Plus d’un millier de Palestiniens détenus dans les prisons israéliennes ont entamé lundi une grève de la faim collective, un mouvement de protestation inédit depuis des années lancé par Marwan Barghouthi, leader de la deuxième Intifada condamné à la perpétuité.

Cette grève de la faim vise à « mettre fin aux abus » de l’administration pénitentiaire, a indiqué Marwan Barghouthi, figure de la résistance palestinienne à l’occupation israélienne, dans une tribune envoyée au quotidien New York Times depuis sa prison de Hadarim, dans le nord d’Israël.

En mesure de rétorsion, celui qui avait été un des animateurs les plus emblématiques du soulèvement contre Israël entre 2000 et 2005 a été placé à l’isolement, de même que plusieurs autres animateurs de la grève, a indiqué en fin de journée à l’AFP Qaddoura Farès, qui dirige le Club des prisonniers palestinien, l’ONG qui fait autorité dans les Territoires occupés sur la question des détenus.

L’administration pénitentiaire israélienne, elle, a fait état du transfert de M. Barghouthi de la prison de Hadarim vers celle de Jalame, sur la côte.

Dans de nombreuses villes de Cisjordanie et de la bande de Gaza, des milliers de manifestants ont défilé en solidarité avec les grévistes, tant la question des prisonniers incarcérés par l’État hébreu — actuellement 6500 — est centrale pour les Palestiniens.

Depuis 1967 et l’occupation par l’armée israélienne des Territoires palestiniens, plus de 850 000 d’entre eux ont été emprisonnés par Israël, selon leurs dirigeants.

Ces dernières années, plusieurs Palestiniens se sont lancés dans des grèves de la faim individuelles pour protester contre des abus. Elles les ont menés au bord de la mort et se sont conclues par des accords sur leur libération. Certains ont toutefois été arrêtés de nouveau ensuite.

Cette fois-ci, pour la première fois depuis des années, il a été décidé d’un mouvement collectif, pour porter « des demandes humanitaires prévues dans le droit international et reconnues comme faisant partie des droits de l’homme », a indiqué à l’AFP Fedwa Barghouthi, l’épouse de Marwan Barghouthi, lors d’une manifestation à Ramallah.

Les prisonniers demandent entre autres des téléphones publics dans les prisons, des droits de visite élargis, la fin des « négligences médicales » et des mises à l’isolement, ainsi que l’accès à des chaînes télévisées et de la climatisation.

3 commentaires
  • Jean-Pierre Grisé - Abonné 17 avril 2017 13 h 46

    Les "Droits de de l'Homme"existent-ils?

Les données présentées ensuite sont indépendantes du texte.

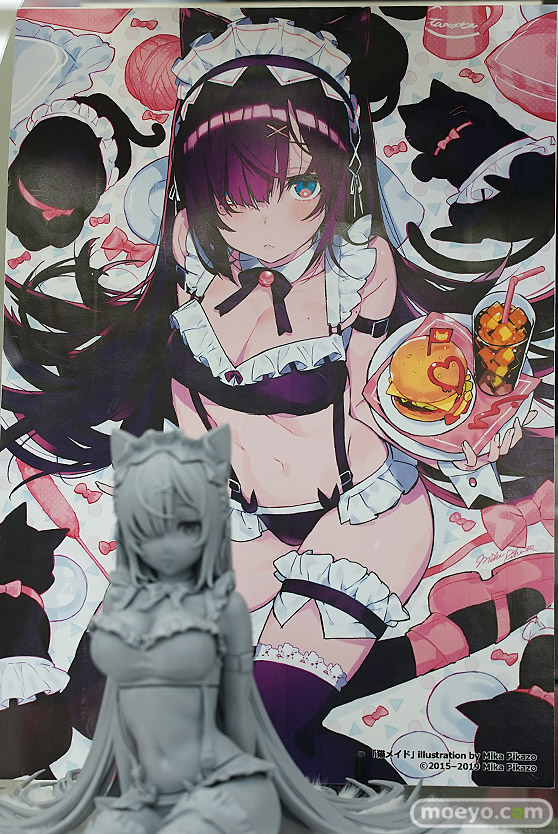 秋葉原の新作フィギュア展示の様子 21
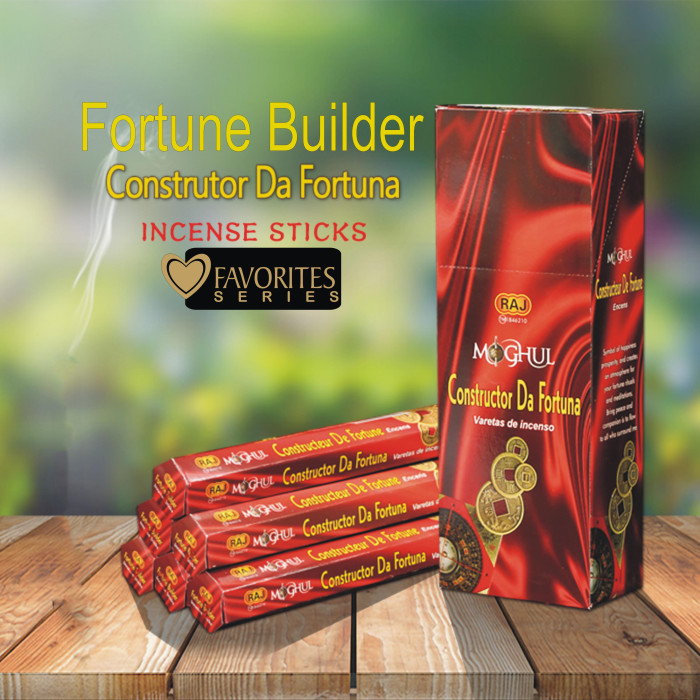 RAJ FORTUNE BUILDER (шестигранник) Создатель состояния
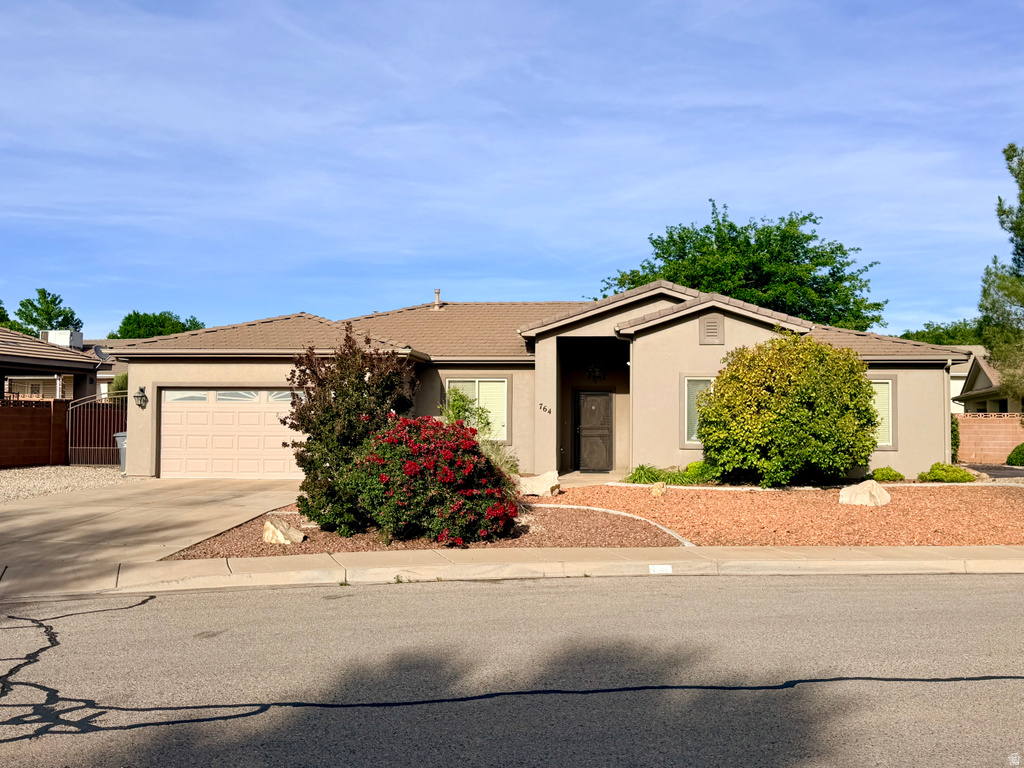 764 N PICTURESQUE St George, UT 84770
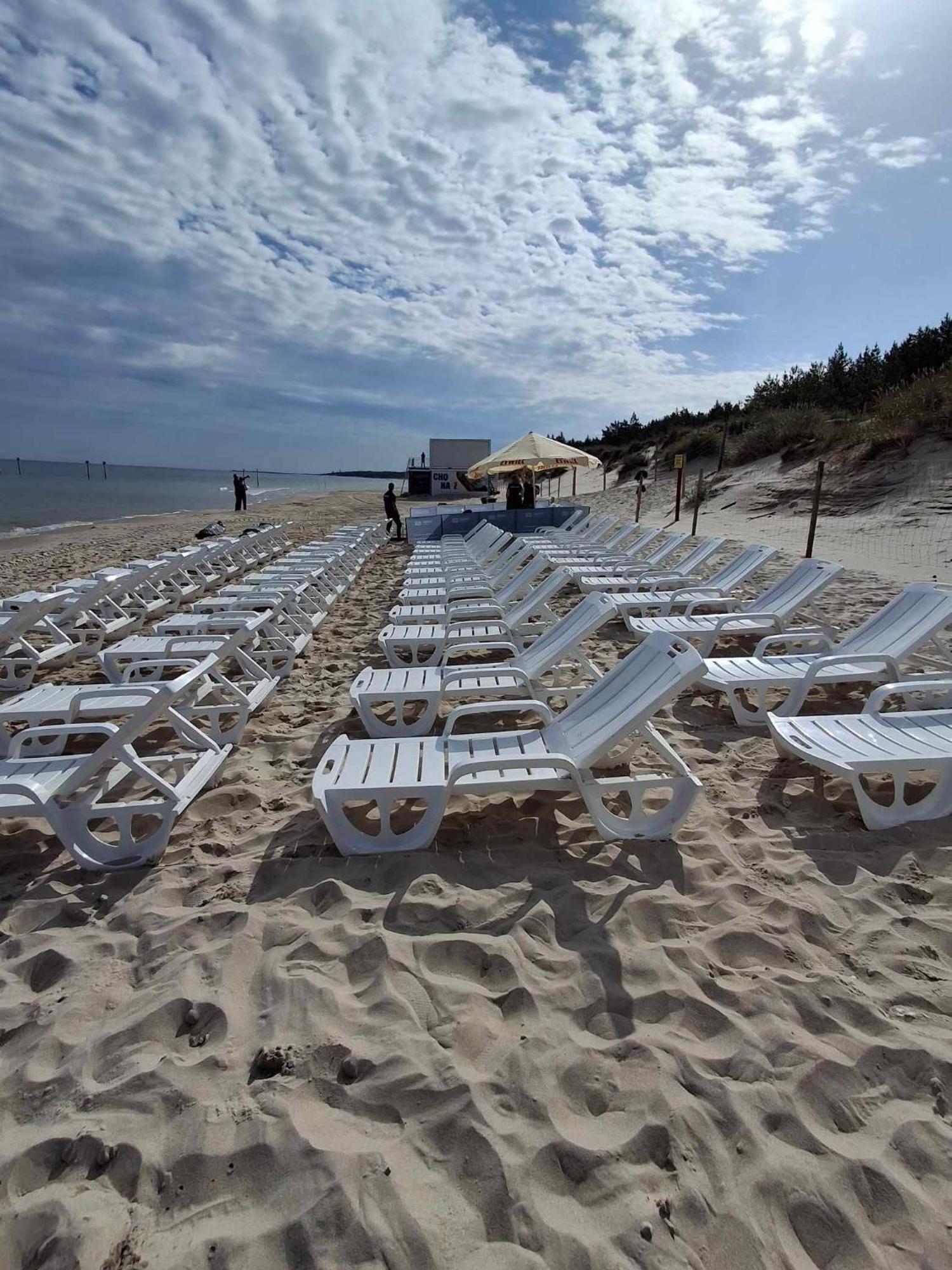 Saltic Resort&Spa Kołobrzeg Exterior foto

    Je souhaite les victoires de tous les "David" sur tous les" Goliath"de la planete.
    C'est-a-dire la paix.

  • Marcel (Fafouin) Blais - Abonné 17 avril 2017 14 h 06

    Bref !

    « Cette grève de la faim vise à « mettre fin aux abus » de l’administration pénitentiaire, a indiqué Marwan Barghouthi » ; « Cette grève de la faim illimitée est lancée à l’occasion de « la journée des prisonniers », observée chaque année par les Palestiniens depuis plus de 40 ans. » (Hossam Ezzedine, AFP-Ramallah)

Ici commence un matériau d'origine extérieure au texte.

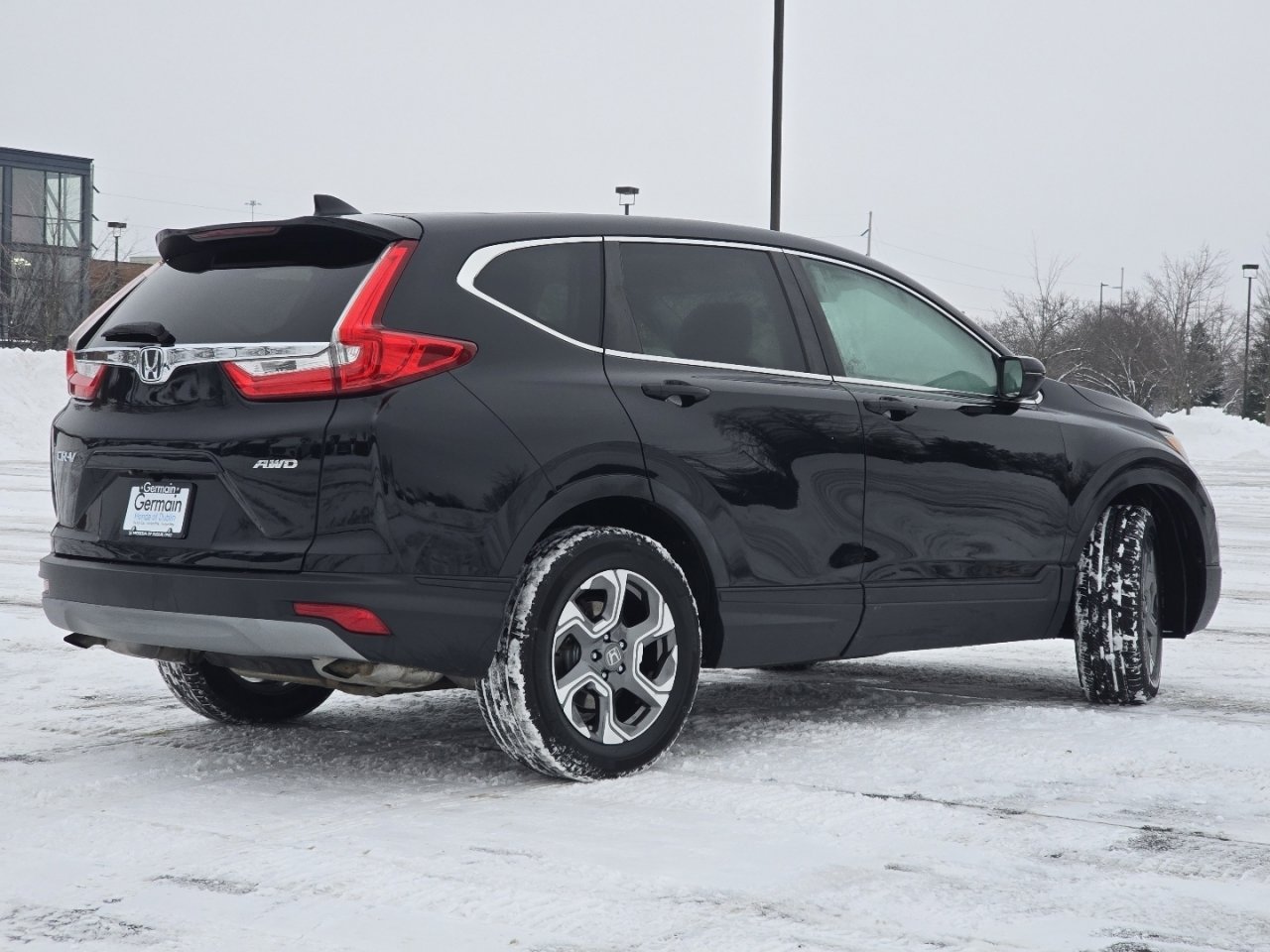 Certified 2019 Honda CR-V EX-L image 18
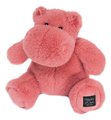 Plyšový hrošík Hip'Hug Histoire d’ Ours ružový 25 cm od 0 mes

    De ces citations, une question :

    Nonobstant de ce qui est visé depuis environ une quarantaine d’année, cette grève est-elle justifiée quand on sait que le système judiciaire israélien repose sur le droit international ainsi que sur le respect des chartes !

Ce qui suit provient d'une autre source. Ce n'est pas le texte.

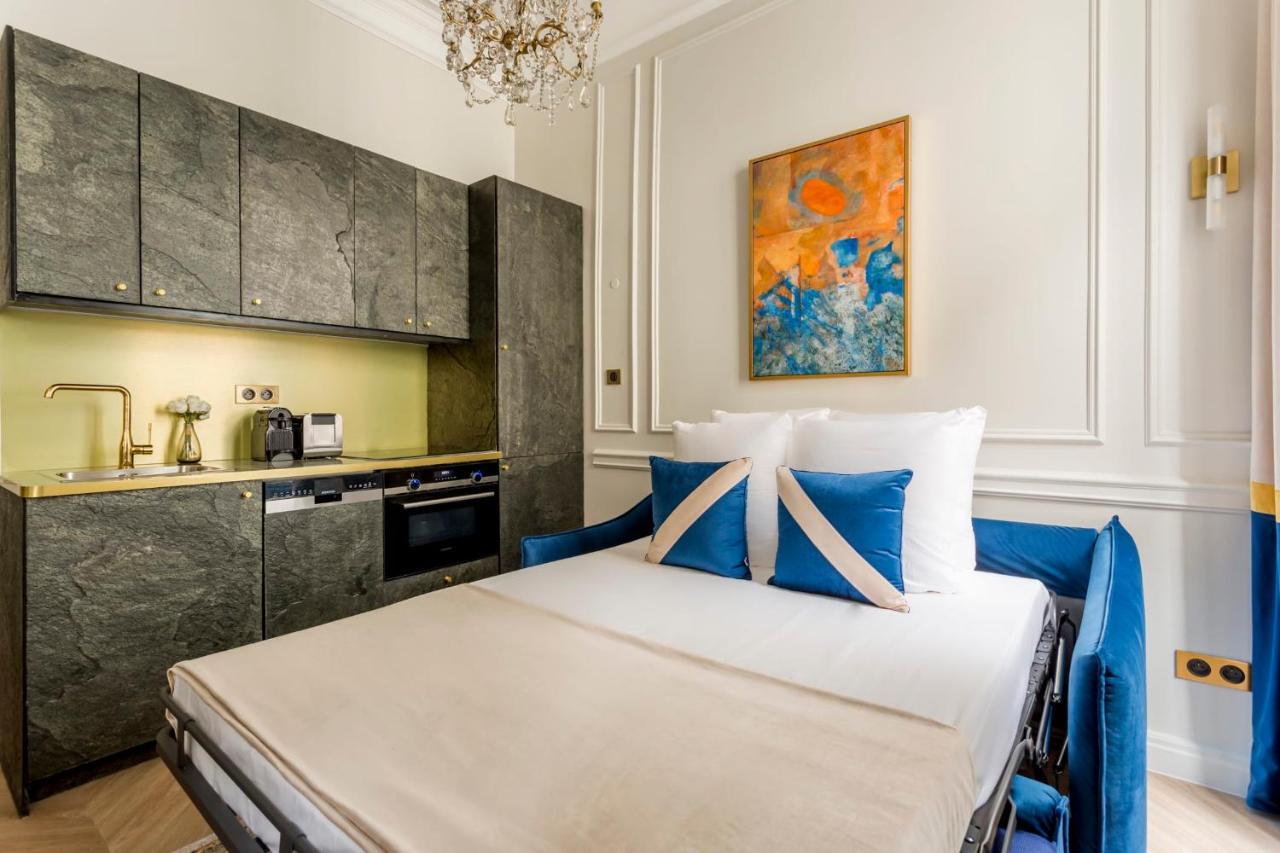 Merveil - Luxury Suite -Opera - Volney I Paris Exterior photo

    De ce point, et malgré quelques bévues toujours possibles, des bévues se retrouvant aussi ailleurs dans le monde (Madagascar, Mexique, USA, Roumanie, Russie, Iran … .), l’État d’Israël semble réussir là où plusieurs semblent échouer !

    Bref ! - 17 avril 2017 -

    • Marcel (Fafouin) Blais - Abonné 17 avril 2017 17 h 18

      "une question" : lire plutôt "ce questionnement" (nos excuses)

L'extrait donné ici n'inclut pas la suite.